Tirols Landesrätin Eva Pawlata (SPÖ) möchte beim Thema Gewalt gegen Frauen nicht nur Symptome, sondern Ursachen bekämpfen. Dazu müssen auch Rollenbilder geändert werden, doch das sei das Nageln harter Bretter.

„Krone“: Frau Landesrätin Pawlata, haben Sie sich schon eingefunden in Ihre neue Rolle als Landesrätin?
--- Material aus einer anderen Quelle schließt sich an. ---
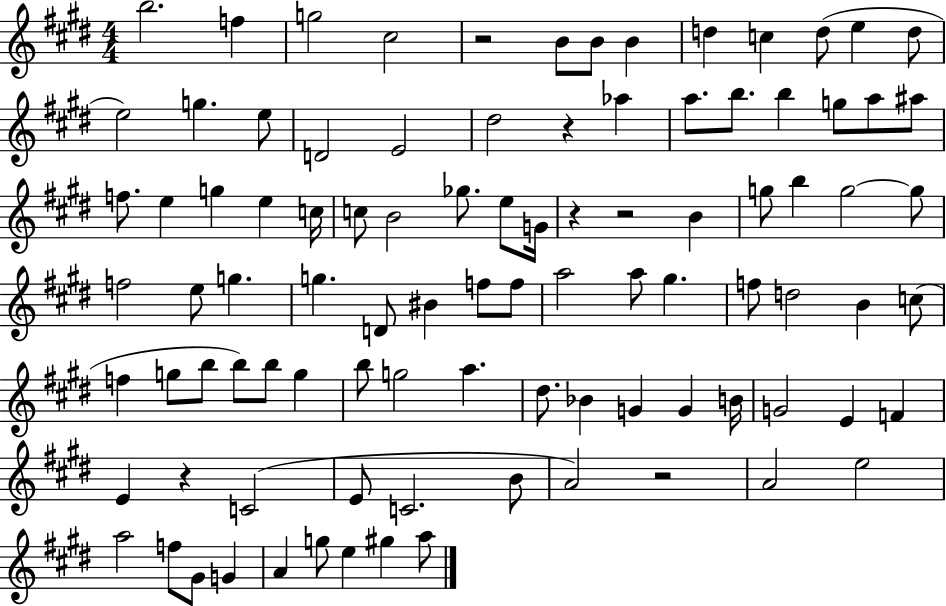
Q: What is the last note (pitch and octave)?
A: A5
Eva Pawlata: Ich habe mir schon einen recht guten Überblick verschafft und die ersten Vernetzungspartner getroffen, auch schon die ersten Anfragen und die wichtigsten Problematiken gesehen.

Was sind die wichtigsten Problematiken?
Wir sind mitten in der Teuerungswelle, das betrifft alle Ressorts. Außerdem sind die neuen Zahlen zum Thema Armut gekommen: Jeder siebente Tiroler muss an der Armutsgrenze leben oder ist sogar schon darunter, das ist eine massive Zahl. Dass man da etwas dagegen unternehmen muss, ist klar, das sollte an erster Stelle stehen. Dazu haben wir den Teuerungsrat, das ist meiner Meinung nach ein gutes Mittel. Da kommen natürlich verschiedene Positionen zusammen, wobei meine Position als Sozialreferentin eine sehr gewichtige ist. Wenn man die Basis der Gesellschaft - also jene, die für wenig Geld arbeiten und sich das Leben wirklich nicht mehr leisten können - nicht mehr berücksichtigt, dann weiß ich nicht, wohin das führen soll.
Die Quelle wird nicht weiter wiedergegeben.